▶ **WHAT IS BEING ASKED**
Write out the entries below exactly, but only from the line containing "Bích Hạnh chinh phục ca khúc khó." through the line containing "Torta di frutta", and without the pictures.

▶ **SOURCE MATERIAL**

# # #

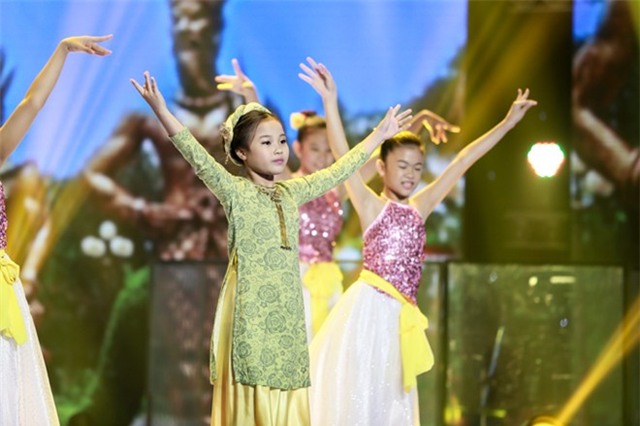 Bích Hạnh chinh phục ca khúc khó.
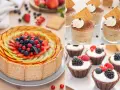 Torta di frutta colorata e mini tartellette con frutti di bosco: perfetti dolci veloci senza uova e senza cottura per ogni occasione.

# # #

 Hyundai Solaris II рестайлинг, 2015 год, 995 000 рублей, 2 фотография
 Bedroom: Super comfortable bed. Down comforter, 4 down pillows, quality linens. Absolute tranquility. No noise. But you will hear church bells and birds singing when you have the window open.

# # #

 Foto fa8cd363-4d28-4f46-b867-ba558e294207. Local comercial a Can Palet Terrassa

# # #

▶ **ANSWER BOX**
 Bích Hạnh chinh phục ca khúc khó.
 Torta di frutta colorata e mini tartellette con frutti di bosco: perfetti dolci veloci senza uova e senza cottura per ogni occasione.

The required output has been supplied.